By Gianna Melillo
Nation & World Editor
In the wake of the tumultuous Senate hearings involving Brett Kavanaugh and Christine Blasey Ford, a slew of evaluative content has been published on the internet. Most of this content stems from the video recording of the hearing that was broadcasted live on Sept. 27.
Yes, the hearings did yield some entertaining comedic material, and yes, it was informative for the public to see the demeanors of both parties. However, one has to inquire –– at what cost was this footage achieved? What does the public gain from televised political proceedings like Supreme Court hearings?
Eric Segall, a law professor at Georgia State University outlined his arguments for televising Supreme Court proceedings in an op-ed published in the Chicago Tribune. Segall equated the current procedures of publicizing the proceedings to a “blackout” of information.
He states that the status quo “deprives the American people of something that is rightfully theirs: the ability to observe government officials perform important duties that only a select few can witness in person.”
Segall continues to argue, “There may have been a period when cameras in courtrooms presented unknown risks, but that time is long past. Fifty state supreme courts already allow them, including the Texas Supreme Court, which live-streams and archives all of its oral arguments.”
When the decision of whether or not to televise is weighed against the consequences, it is evident there are very good reasons why Supreme Court trials are not televised.
As Edward Whelan of the Ethics and Public Policy Center points out, “The culture of the court is…predominantly textual. The overwhelming majority of the justices’ work consists of reading and writing, with reasoned deliberation among the justices about the meaning of legal texts.”
Usually, 90 minutes after the trial, transcripts and audio recordings of Supreme Court proceedings are made public. They are then open to interpretation, scrutinization and judgement.
History has proven time and again that individuals, especially those with high ranking positions, are prone to act differently when cameras are rolling. Look no further than the infamous Kennedy-Nixon debates the in the 1960s. Those who tuned in were swayed, regardless of if they wanted to be, by the “show” each individual put on when televised.
In the age of 24-hour-cable news channels, live streaming, and incessant citizen journalism, serious questions arise as to whether it is the content of what’s being broadcast that creates impact and influences society, or the portrayal of that content by those involved.
Supreme Court proceedings are just one example of influential political discourse to which the public should arguably not have unfettered access. The average American citizen does not fully grasp every legal concept and procedure standard in court, much less the context behind the actions of members of the highest court in the nation.
Should these proceedings be publicized for immediate scrutiny by those who usually have very limited understanding of the context and consequence of the trial?
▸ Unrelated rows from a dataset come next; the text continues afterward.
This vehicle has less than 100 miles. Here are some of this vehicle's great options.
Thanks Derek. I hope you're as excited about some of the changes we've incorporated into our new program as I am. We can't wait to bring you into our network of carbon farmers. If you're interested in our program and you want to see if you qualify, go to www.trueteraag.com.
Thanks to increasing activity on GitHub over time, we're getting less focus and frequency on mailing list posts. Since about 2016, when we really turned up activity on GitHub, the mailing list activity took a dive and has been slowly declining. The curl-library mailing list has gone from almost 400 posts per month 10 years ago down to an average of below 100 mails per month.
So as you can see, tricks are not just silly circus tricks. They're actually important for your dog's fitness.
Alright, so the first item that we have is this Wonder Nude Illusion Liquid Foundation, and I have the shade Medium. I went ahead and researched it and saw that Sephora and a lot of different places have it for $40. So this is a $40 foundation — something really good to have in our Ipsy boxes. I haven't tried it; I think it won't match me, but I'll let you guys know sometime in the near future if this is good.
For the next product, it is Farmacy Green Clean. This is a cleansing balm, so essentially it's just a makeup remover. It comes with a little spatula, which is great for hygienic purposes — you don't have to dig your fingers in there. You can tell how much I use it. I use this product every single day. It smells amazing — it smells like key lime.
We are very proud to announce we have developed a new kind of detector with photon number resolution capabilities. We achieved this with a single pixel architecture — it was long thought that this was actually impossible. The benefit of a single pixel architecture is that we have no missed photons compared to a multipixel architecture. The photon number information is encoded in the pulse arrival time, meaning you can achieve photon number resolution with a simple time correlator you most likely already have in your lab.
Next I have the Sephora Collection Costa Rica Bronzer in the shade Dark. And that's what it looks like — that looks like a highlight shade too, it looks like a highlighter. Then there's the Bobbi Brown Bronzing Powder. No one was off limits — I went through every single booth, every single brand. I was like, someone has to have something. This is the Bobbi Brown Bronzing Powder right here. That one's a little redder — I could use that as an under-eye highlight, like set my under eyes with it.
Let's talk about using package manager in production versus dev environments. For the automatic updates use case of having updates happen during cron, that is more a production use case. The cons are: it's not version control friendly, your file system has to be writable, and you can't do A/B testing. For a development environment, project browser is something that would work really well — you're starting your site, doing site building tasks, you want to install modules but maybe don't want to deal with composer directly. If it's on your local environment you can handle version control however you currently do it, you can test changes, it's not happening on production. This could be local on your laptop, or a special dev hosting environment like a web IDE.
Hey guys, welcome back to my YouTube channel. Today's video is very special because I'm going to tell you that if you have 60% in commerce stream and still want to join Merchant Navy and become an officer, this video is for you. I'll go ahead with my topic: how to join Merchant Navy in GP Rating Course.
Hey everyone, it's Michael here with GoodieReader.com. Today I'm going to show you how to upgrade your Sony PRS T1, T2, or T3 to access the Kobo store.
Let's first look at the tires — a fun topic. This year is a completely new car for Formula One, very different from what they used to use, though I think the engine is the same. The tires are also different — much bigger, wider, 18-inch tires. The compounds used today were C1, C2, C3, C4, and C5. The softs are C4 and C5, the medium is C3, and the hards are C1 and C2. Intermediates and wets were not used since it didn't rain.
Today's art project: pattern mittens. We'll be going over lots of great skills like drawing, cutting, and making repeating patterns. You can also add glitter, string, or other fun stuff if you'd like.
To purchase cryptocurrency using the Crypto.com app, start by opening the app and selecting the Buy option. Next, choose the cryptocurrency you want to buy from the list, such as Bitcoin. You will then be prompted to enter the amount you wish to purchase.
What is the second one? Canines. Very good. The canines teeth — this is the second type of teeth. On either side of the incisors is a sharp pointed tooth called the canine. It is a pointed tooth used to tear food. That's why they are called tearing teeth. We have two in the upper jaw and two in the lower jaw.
Would that not result in a largely uninformed populus with extremely strong opinions on something that is supposed to be the pinnacle of fairness?
If this Pandora’s box is opened and Supreme Court procedures are to be televised live, then all of the detriments that come along with reality TV, such as staging and dramatization will come too.
As Whelan points out, “The court would become more politicized, and the resulting resentment and distrust among the justices would disserve the ideal of reasoned deliberation — an ideal, to be sure, that is often not realized but that is at least still professed and pursued.”
If we decide to broadcast, how can anyone guarantee that a fair and balanced trial will take place given all of the obvious risks?